# Statistics
This notebook is part of a collection of supplementary material designed to bring student up to speed on the mathematics required for COMP47750 Mathematics with Python.   
This notebook introduces covariance matrices and data normalisation.  
This material is covered in the lecture **M1 Statistics**.   
  
You may need to install `seaborn` to run this notebook.  
You could use the command `pip install seaborn` from the command line.

In [1]:
import matplotlib.pyplot as plt
%matplotlib inline

import numpy as np
import pandas as pd
import seaborn as sns
# Load the Penguins dataset
penguins_all = pd.read_csv('penguins_af.csv')

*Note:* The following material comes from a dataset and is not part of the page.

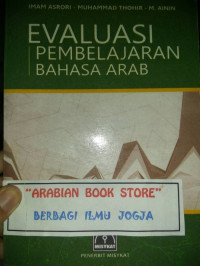 metode belajar mengajar bahasa arab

Reduce the dataset to just 4 descriptive features and the class label `species`

In [None]:
label_4f = ['bill_length_mm', 'bill_depth_mm','flipper_length_mm', 'body_mass_g', 'species']
penguins_4f = penguins_all[label_4f]

In [None]:
penguins_4f['species'].value_counts()

### Seaborn Pairplot
This provides a good overview of the relationships between the features.  
The plots on the diagonal show the feature distributions.  
The off-diagonal plots provide insight on feature correlations. 

In [None]:
sns.pairplot(penguins_4f, hue="species")

Extract a dataframe with just the `Gentoo` samples. 

In [None]:
Gentoo_df = penguins_4f[penguins_4f['species']=='Gentoo']

In [None]:
Gentoo_df.head()

In [None]:
sns.pairplot(Gentoo_df, diag_kind = 'kde')

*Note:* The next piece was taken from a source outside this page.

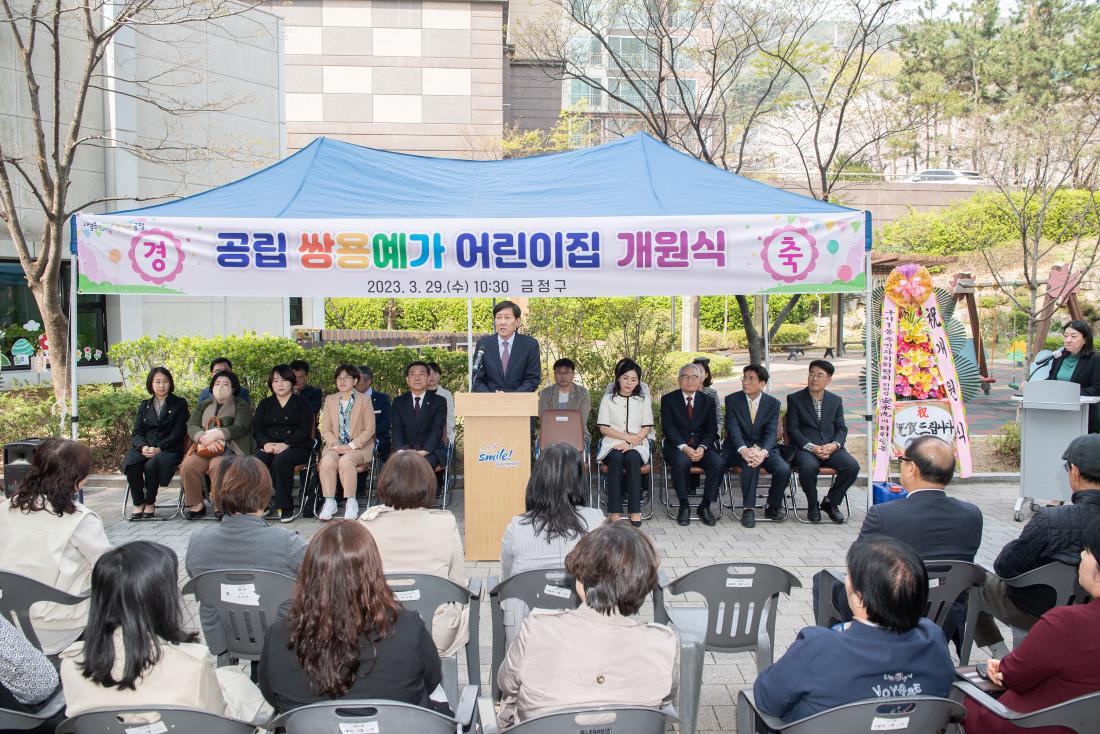 20230329_공립 쌍용예가어린이집 개원식_5.jpg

The covariance matrix for the `Gentoo` class. 

In [None]:
Gentoo_df.cov().round(decimals = 2)

Normalise the data to get a clearer picture.  
The four features are normalised to mean = 0 and standard deviation = 1.

In [None]:
Gentoo_df.pop('species')
Gentoo_dfN = (Gentoo_df-Gentoo_df.mean())/Gentoo_df.std()

In [None]:
Gentoo_dfN.cov().round(decimals = 2)

### Law of Large Numbers 
Estimating Means

In [None]:
n_trials = 100000
sample_means = []
for trial in range(n_trials):
    sample_means.append(Gentoo_dfN.sample(5)['body_mass_g'].values.mean())

In [None]:
sns.displot(sample_means, kind = 'kde')